Avec leurs turbans autour de la tête, leurs chignons et leurs barbes, les Indiens étaient recherchés par les Britanniques car l’organisation de leur armée était une véritable armée de métier calquée sur celle du Royaume-Uni. Ainsi, des Sikhs, Gurkhas, Balochs, Dogras, Garhwalis, Jats, Pathans, Rajputs, Punjabis… arrivèrent en France. Les premières troupes débarquèrent à Marseille fin septembre 1914 et arrivèrent dans les gares d’Arques et Blendecques dans la nuit du 19 au 20 octobre. Leur baptême du feu eut lieu lors des batailles de Neuve-Chapelle (du 28 octobre au 2 novembre 1914 puis du 10 au 13 mars 1915) et de Festubert (du 23 et 24 novembre 1914 et le 16 mai 1915)… principalement. Ce fut une vraie boucherie. En un peu plus d’un an, le Corps indien a compté plus de 34 000 pertes.

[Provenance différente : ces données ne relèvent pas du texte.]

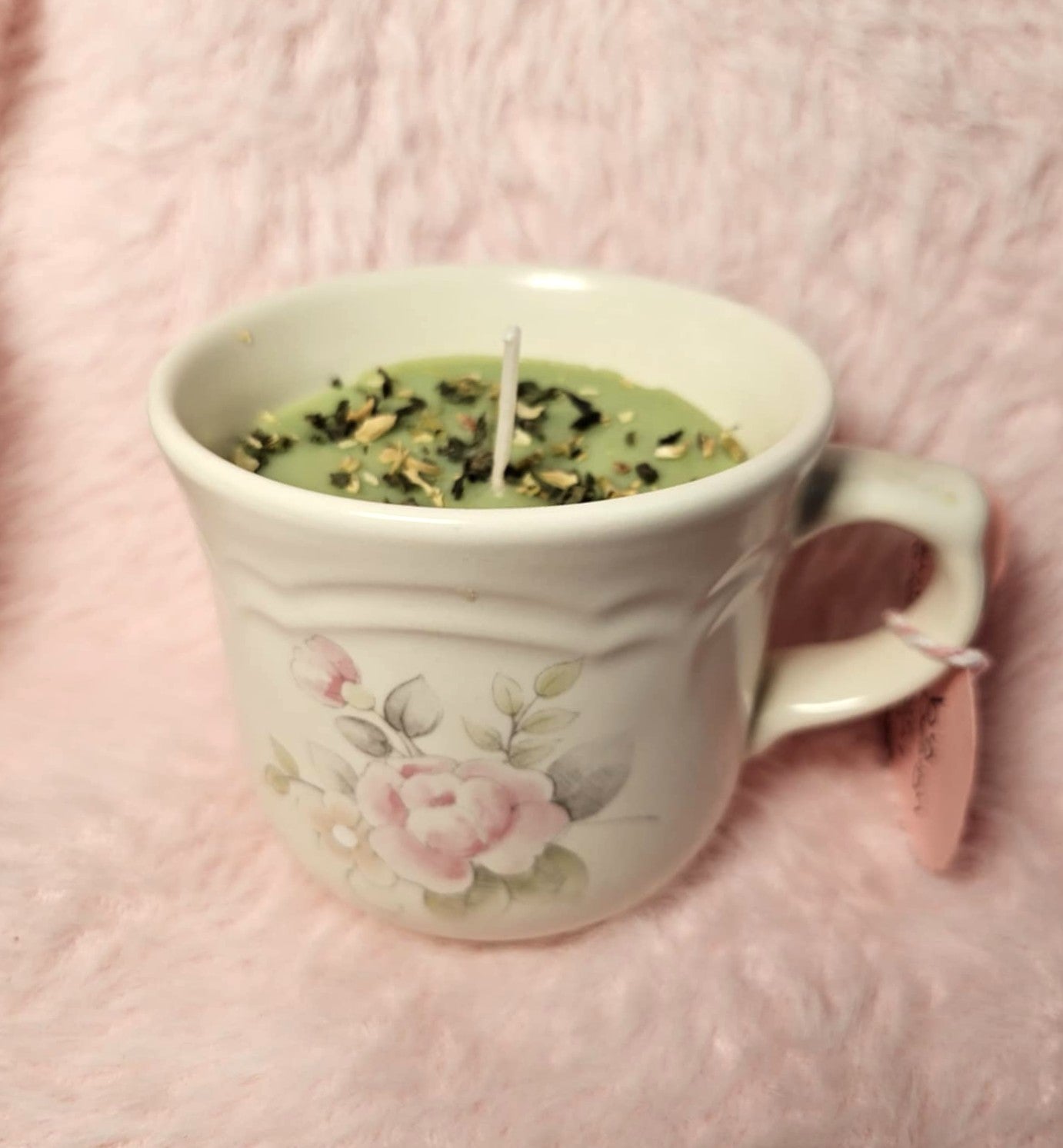 "Decadence by Design" Afternoon Intention Candle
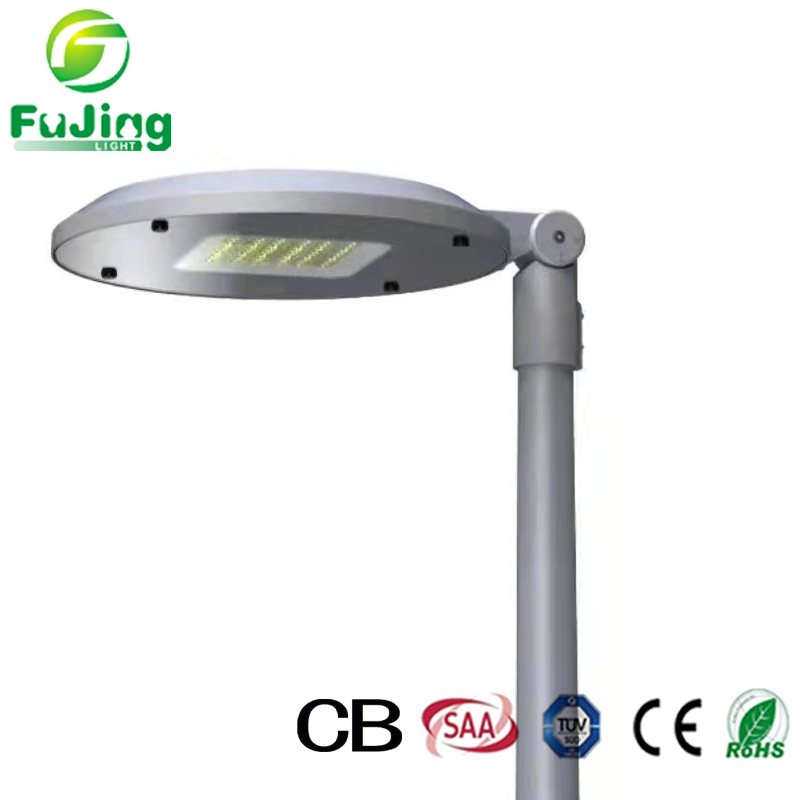 China Supplier Factory ODM OEM Die-Casting Aluminum 20-100W Energy Saving IP66 Light Waterproof Street Light Garden Light LED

Les faits sont peu connus des contemporains, la presse locale écrit, “Un beau jour, on ne sait comment, les Hindous disparurent. On raconta qu’ils s’étaient fait décimer, du côté de La Bassée. » Ces événements nous sont mieux connus désormais. En effet, Dominique Faivre a fait de nombreuses recherches sur la participation des Indiens dans la Grande Guerre. Néanmoins, sa connaissance reste partielle car de nombreuses lettres restent censurées et archivées en Angleterre

 

La présence de Marocains, issus de l’empire colonial français, est notée dès le 5 décembre 1914 à Aire-sur-la-Lys où une photographie les présente sur la grand-place (photographie tout en haut). Le Maroc est, à l’époque, encore un protectorat. Un monument marocain restauré par le roi du Maroc se trouve sur la crête de Vimy, en souvenir de la bataille du 9 mai 1915 où une division marocaine attaque et parvint à franchir les 4 lignes de tranchées allemandes pour arriver sur la crête. Cela se fit au prix de pertes importantes mais ce fut un véritable succès. Ce fut également une véritable surprise et personne n’était là pour les aider à tenir leur position.

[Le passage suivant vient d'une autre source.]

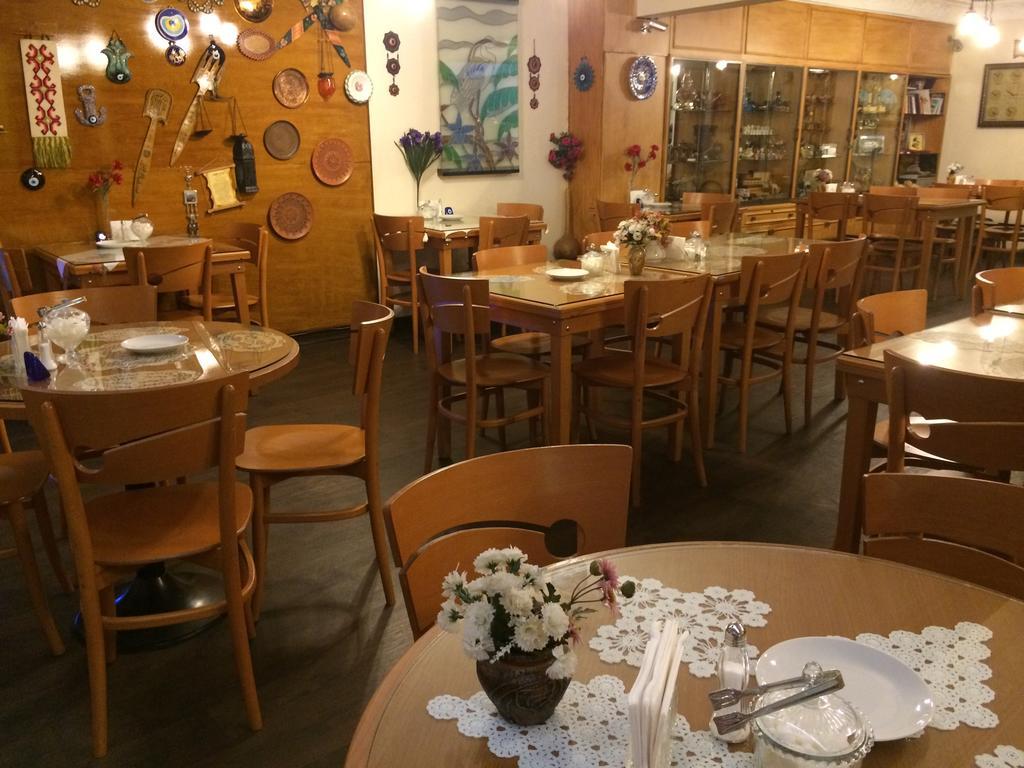 伊斯坦布尔贞之栈酒店 外观 照片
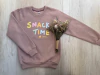 BUZO FRIZADO TIME ROSA VIEJO - comprar online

Curieusement, il n’y avait pas de Marocains dans cette division. Il y a bien eu des soldats marocains engagés sur le front de l’Artois. 37 000 Marocains, selon Pierre Miquel ont combattu aux côtés des Français à la demande du roi du Maroc. On les reconnaît facilement avec leurs cheveux longs, portant la djellaba et souvent accompagnés par un cheval. On appelle ces régiments de cavalerie, les spahis. Ce sont les régiments les plus décorés de l’armée française. Leur étendard est le seul des emblèmes des unités de cavalerie à être décoré de la fourragère aux couleurs de la Médaille militaire. Ces cavaliers étaient surnommés les « hirondelles de la mort » par les Allemands.

La présence du 1er régiment de marche de tirailleurs marocains est attestée en mai-juin 1915 du côté de Angres et Aix-Noulette. Le passage de régiments de marche de spahis marocains est également connu, à Arras, Hesdin. Abdelmoula Souidia, lui, parle du caïdmia (lieutenant) Brick Ben Kaddour, l’un des rares officiers marocains, qui a participé à la défense de Béthune, tué à Radinghem-en-Weppes et de l’un de ses amis Abbas Ben M’Hamed, tué à Richebourg en 1914. Néanmoins, pas de traces de cimetière marocains. On ne trouve que quelques carrés musulmans comme à Lorette.

 

Enfin, une mention est faite de la présence d’Africains le 4 juillet 1916 à Aire. Ce sont des soldats blessés, ayant probablement combattu lors de la bataille de la Somme qui arrivent à l’hôpital. Ce sont probablement des tirailleurs, des unités d’infanterie appartenant à l’Armée d’Afrique qui dépendait de l’armée de terre française. Nous n’avons pas davantage de précisions. Nous savons juste qu’ils ont été bien accueillis par la population.